▶ [How to complete this task]: A faithful copy is required: transcribe each line below exactly, minus the pictures.

▶ [Dataset extract]:
-- -- --

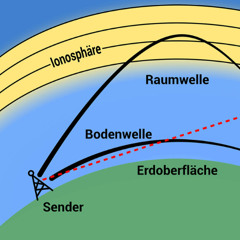 Eintritt in die Ionosphaere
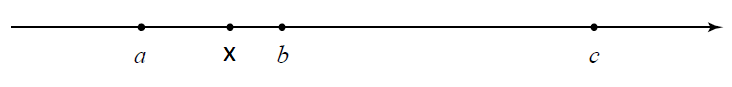 На координатной прямой отмечены числа a, b и c (ВПР 8 класс вариант 7)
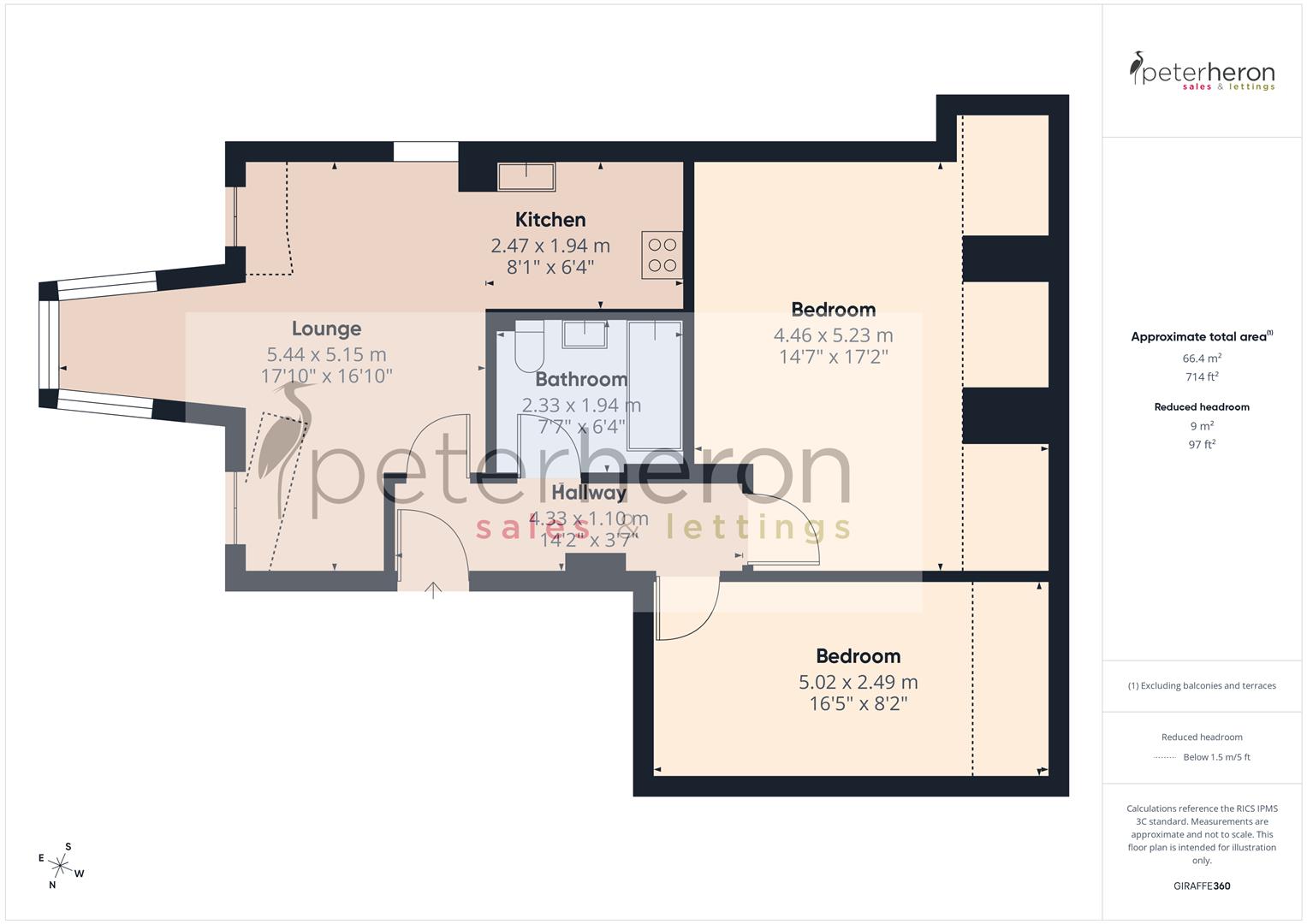 5F, The Esplanade, Sunderland floorplan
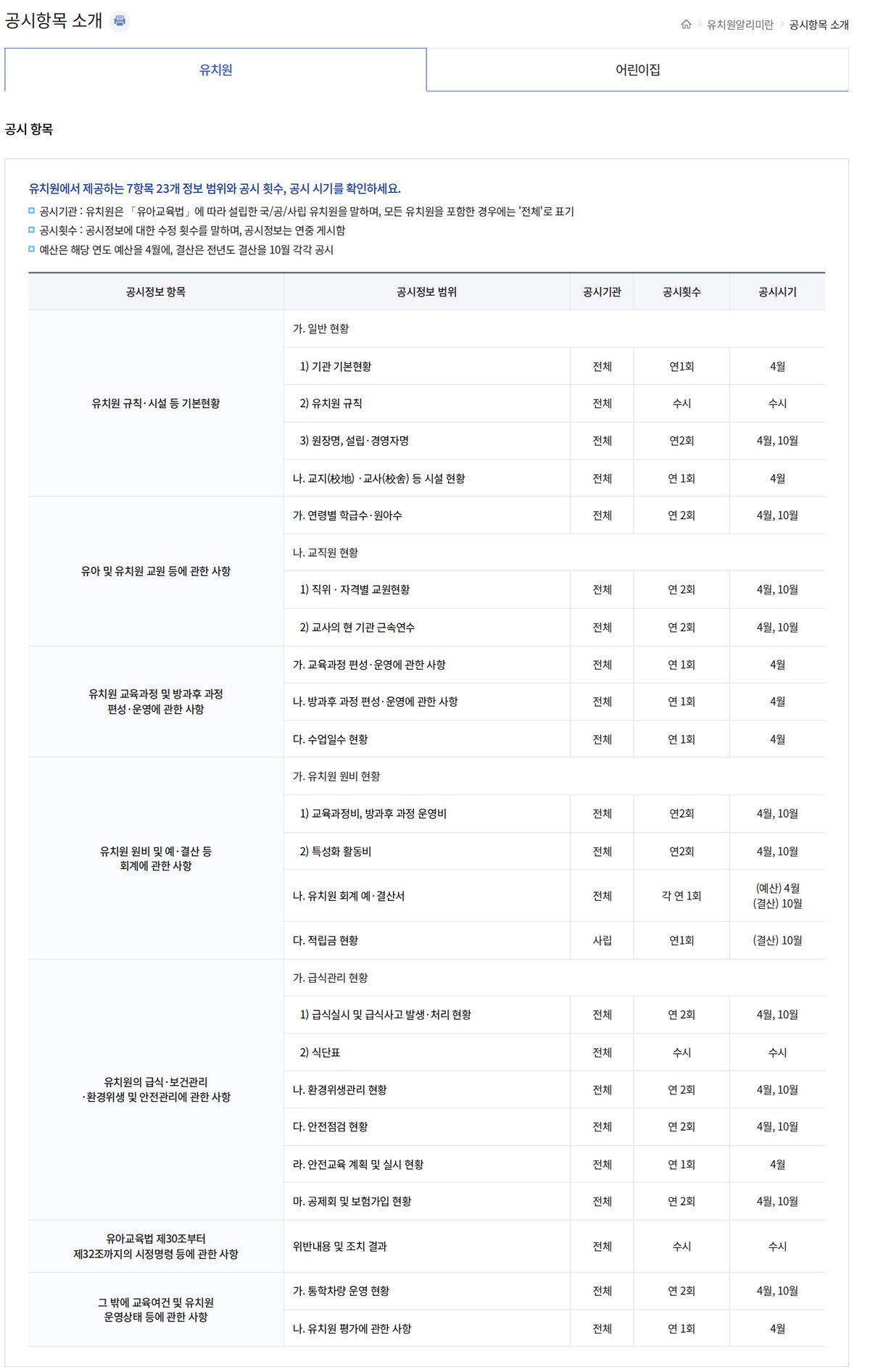 유치원알리미 공시항목 소개 화면에서 기본현황, 원아·교직원, 교육과정, 원비, 급식·안전, 위반내용, 통학차량 같은 공시 항목이 나열된 부분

-- -- --

▶ [Task solution]:
 Eintritt in die Ionosphaere
 На координатной прямой отмечены числа a, b и c (ВПР 8 класс вариант 7)
 5F, The Esplanade, Sunderland floorplan
 유치원알리미 공시항목 소개 화면에서 기본현황, 원아·교직원, 교육과정, 원비, 급식·안전, 위반내용, 통학차량 같은 공시 항목이 나열된 부분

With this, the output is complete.